Normally, we wait until the fat lady sings but Allan Sherman preferred to instead warble to the obese object of obscure desire, in this case Mrs. Goldfarb, the target of his chubby-chasing enamorment, and from there we're off to the races. For Swingin' Lovers/Livers was the then-top-selling artist's follow-up to the LP boasting his hit Hello Muddah, Hello Fadduh. It was also the last release of his to reach #1 on the charts, and though following LPs would be quite good, he thenceafter began a long slow decline into drink, overeating, divorce, and sporadic impoverishment, at one point living off unemployment, until a heart attack killed him at the much too young age of 47. Before he passed, though, he was an artist to the end and even, as I noted elsewhere, penned a highly controversial humorous book, The Rape of the A.P.E. (American Puritan Ethic), on the sexual revolution that even caught the eye of Hugh Hefner, who published it through his Playboy Press.
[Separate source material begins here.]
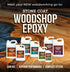 Image of Stone Coat Woodshop Epoxy with various product bottles on a wooden background.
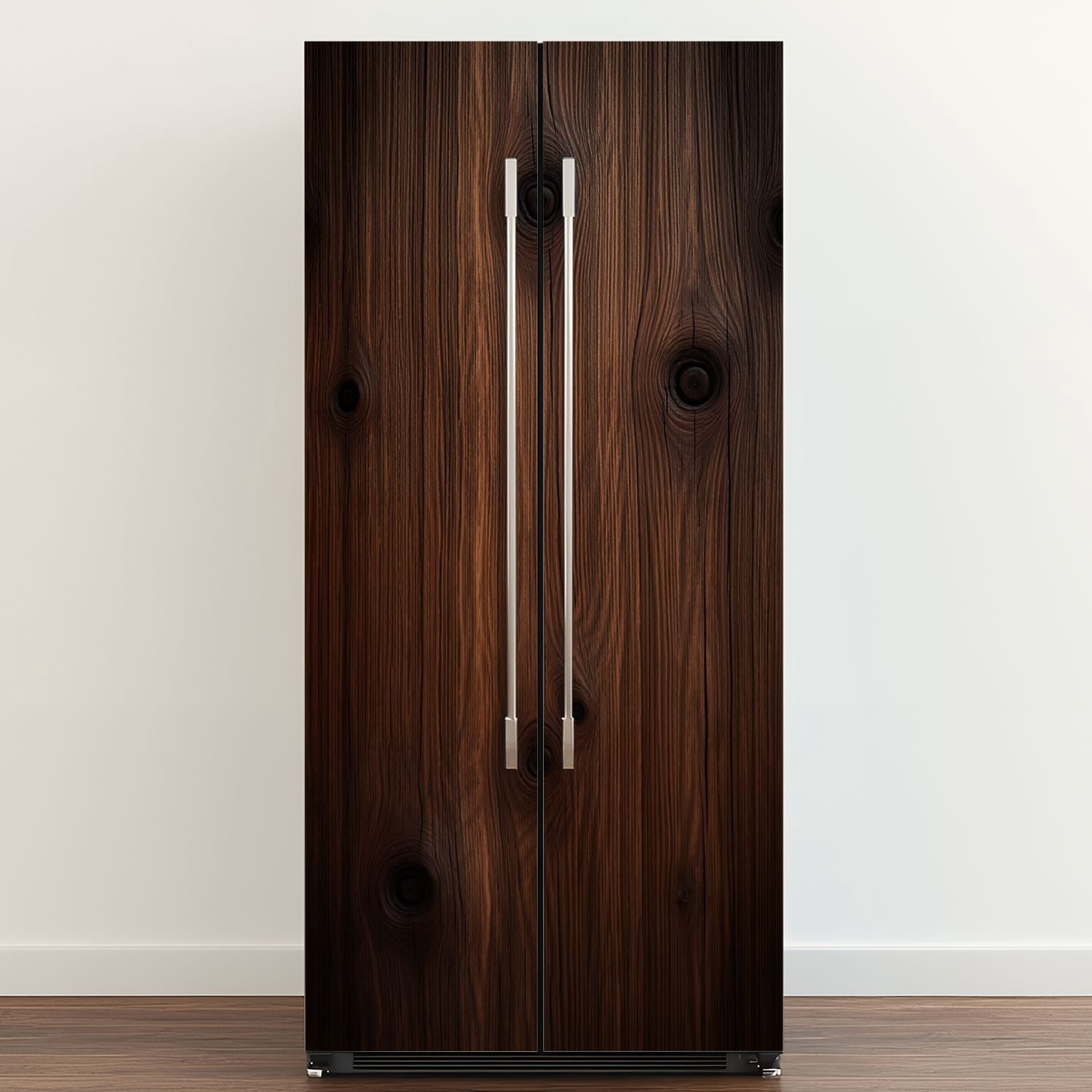 Self Adhesive Vinyl Refrigerator Wrap Set Dark Brown Wood Plank Vintage Knots Rustic Natural Door Mural Removable Fridge Sticker Peel and Stick&nbsp;Full Door Cover Decal Kitchen Bar Decor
That mention is not gratuitous. I bought the book when it came out in '73, found it to be a great companion to Jess Lair's Sex: If I Didn't Laugh, I'd Cry and Albert Ellis' rational psychotherapy. I retain that exact copy to this day, still finding it timeless, hilarious, and prescient. The tome was acclaimed by comedians and writers alike, managing to snag Steve Allen and Art Buchwald as endorsees, yet it faded quickly and is today unknown. Nonetheless, Buchwald, another Hef fave, had always lauded Sherman's unique talents, and one can find his accolades on the reverse of this LP's cover.
The CD version of the Lovers/Livers LP, as the title states, indeed swings just as much as the vinyl but benefits greatly from a cleaned-up recording so immaculate that the listener feels as though transported back to those famed, exclusive, invitation-only affairs occasioning the recording sessions themselves. As usual, the backing instrumentation and choir are top-notch, and he here takes the opportunity to execute a swipe at pop music, particularly against the Beatles. Though the sentiment reminds one a bit of Johnny Carson's much nastier swipes at the youth culture (Carson appeared in a series of haberdashing adverts that piffled and snorted at hippies and ilk), a much larger reminiscence is provoked. Even liner writer Dr. Demento admits he hated the song back in '64 but has since come to appreciate its wry insights. Still, one wonders: how much might that one song have contributed to Sherman losing significant amounts of youth consumers?
It's an interesting question, and re-issues like this one only fire further thought. I mean, back then, the Beatles and the Stones constituted religion (I was exempt from all that, at the time being a staunch Dave Clark 5 and Paul Revere & the Raiders aficionado), and teenagers would indeed throw overboard anyone daring to commit sacrilege, but that's what makes a great comedian: sacrilege, blasphemy, and heresy. Sherman lanced more than a few sacred cows, not as outrageously as Lenny, George, or Mort, but with a sidelong glance and a wink, and I strongly suspect that the now dinosauring Boomer generation is going to find a hell of a lot more in these pristine re-releases than it would ever otherwise have guessed.